Newspaper article St Louis Post-Dispatch (MO)

Budget Fallout U.S. Default Could Be Costly in Subtle Ways

Newspaper article St Louis Post-Dispatch (MO)

Budget Fallout U.S. Default Could Be Costly in Subtle Ways

Article excerpt

Worries of a U.S. default prompted by the budget brawl in Washington have been felt mostly in the financial markets, where investors see a small but growing possibility of a tainted government credit record.

But a default could tap the wallets of average Americans in ways that aren't so obvious, raising borrowing costs on everything from mortgages to sewage systems.

Some questions and answers about what could happen:

Q. What is this debt ceiling business all about?

A. The government borrows money to supplement cash from taxes and other sources to pay bills. The limits of that borrowing are set by Congress. If the limits are reached, the ceiling on borrowing must be raised.
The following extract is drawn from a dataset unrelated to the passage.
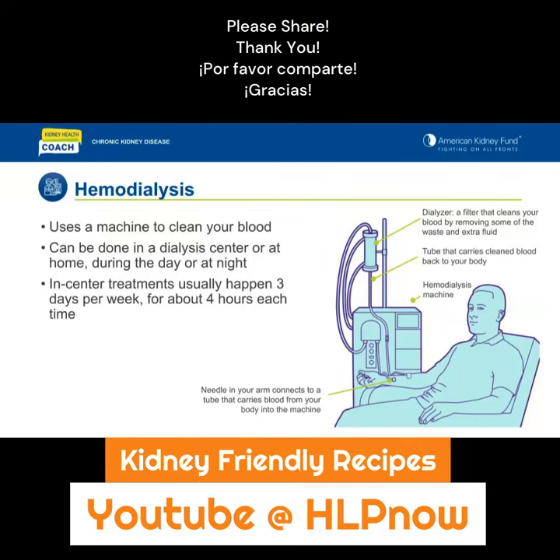Hemodialysis uses a machine to clean your blood. Blood travels from a needle placed usually in your arm — a special port is created for access — through a tube and into a machine that cleans it. Clean blood goes back into your body through another tube and needle.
On Friday Congress proposed measures to let the government continue borrowing money through Dec. 12, but the bills include budget cuts and spending limits unacceptable to President Bill Clinton. Without an extension, government coffers will run dry.

Q. So what?

A. Many government services would be curtailed. But the Treasury's immediate problem would be how to pay $24.8 billion in interest due next Wednesday.

Without the money to pay, stock and bond prices here and abroad could drop as investors lose some confidence in the U.S. government.
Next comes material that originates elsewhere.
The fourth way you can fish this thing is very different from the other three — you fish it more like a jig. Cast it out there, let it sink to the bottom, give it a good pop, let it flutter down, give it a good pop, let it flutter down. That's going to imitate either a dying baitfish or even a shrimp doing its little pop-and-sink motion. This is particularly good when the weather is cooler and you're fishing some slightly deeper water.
Q. That doesn't sound good, but what impact would that have on me?

A. Consumers getting ready to sign papers for a new mortgage could see the cost of borrowing go up.

Mortgage rates are tied to Treasury yields. A default could lead investors to believe that government bonds are riskier than they thought, so they could demand a higher yield, perhaps one-quarter to three-eighths of a percentage point more than they get now. Analysts call this the "risk premium."

Undecided home buyers could "lock in a mortgage now ahead of that risk premium, or wait until Congress gets its act together and the whole thing blows over," said David A. Lereah, chief economist at the Mortgage Bankers Association, a Washington trade group.

Q. How would communities and businesses be affected?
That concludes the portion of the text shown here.